One security/privacy feature touted by some companies is that they keep no logs and no records. Some even claim that their entire system runs in volatile memory so there is no possibility of data being recorded. Of course, you are trusting that they are both telling the truth and competently executing the system.
Of course, you are trusting that they are both telling the truth and competently executing the system.
that is the thing, you have to trust them. unless they are intentionally malicious actor and if the law of country where they resides allows it, then not keeping the logs is quite hassle-free and actually cheaper than otherwise, so there is a reason to trust them, but you never know.
That's the thing with anything cybersecurity is trust. Unless you wrote all of the firmware and software and websites and webservers yourself you are ultimately placing trust in another entity.

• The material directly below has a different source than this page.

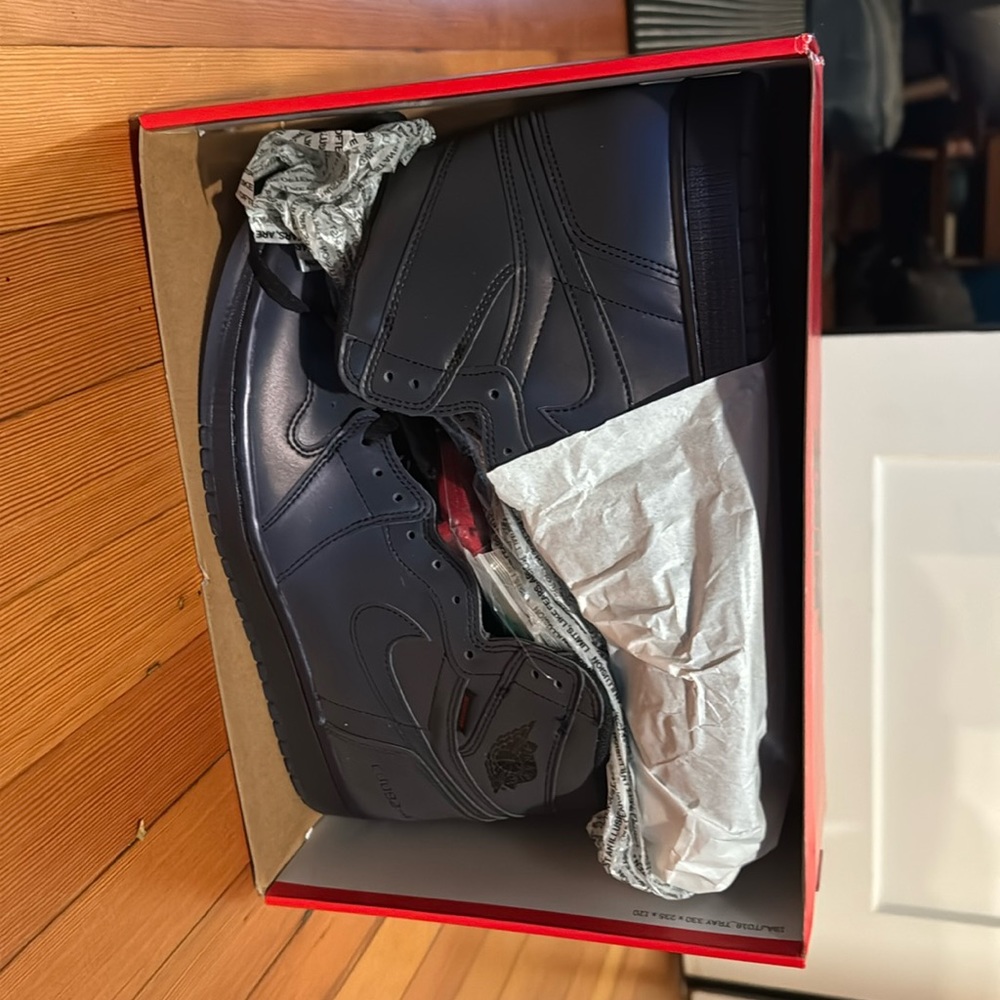Rare Nike AJ1 Zoom Fearless - Iridescent Purple.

VPNs are just a technical means of shifting trust. Corporations use VPNs for remote work because the VPN connects the employee to the corporate network which they already trust, rather than trusting whatever wifi the employee happens to connect to. For a consumer using a commercial VPN the only thing you're doing is shifting your trust from the network provider to the VPN provider. You're not even really hiding anything from websites thanks to modern browser fingerprint techniques, they just see "user #64742258 but from a known VPN endpoint instead of the usual Spectrum residential network in Maryland, 86% match"

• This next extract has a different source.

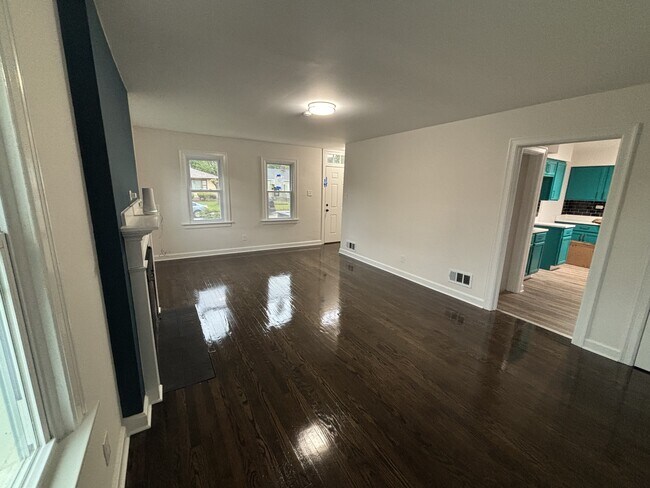 Foto del edificio - 4800 Monroe St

That’s the thing with anything cybersecurity is trust.
luckily not everything, but i think about this every time i am using android keepass implementation written by god knows who 😆
Like Mullvad, or would you recommend anyone else?
What is your threat model exactly? What are you trying to protect against? Commercial VPNs have an extremely narriw spectrum of threats that they protect against, and most customers don't realize this
Mullvad is often considered the gold standard of VPNs when it comes to privacy. It's nice that they accept crypto and cash, and that they don't tie the account to anything except an account number. That's a layer of privacy that really goes above and beyond what a lot of other companies offer, beyond anything to do with the actual product
$5 a month isn’t bad, I’ll give it a shot.
i am sorry, i don't really follow market in this area, so i have no idea.
It's like an internet glory hole. It stops the people monitoring your broadband from seeing exactly where you're browsing and what you're viewing, and it stops the people who run those websites from seeing exactly who you are.
But it's entirely possible for your broadband provider to see that you're standing at a glory hole with your junk out. And the people serving you the website can also see your junk through the hole.
Maybe its skyrocketed because the misnamed "online safety act" does nothing useful and just gets in the way of people trying to use the internet!
Labour have completed Blair's project and become the quintessential centrist libfash party.
All y'all Americans who like Buttegieg or Newsom, this is what you're trying to get for yourselves.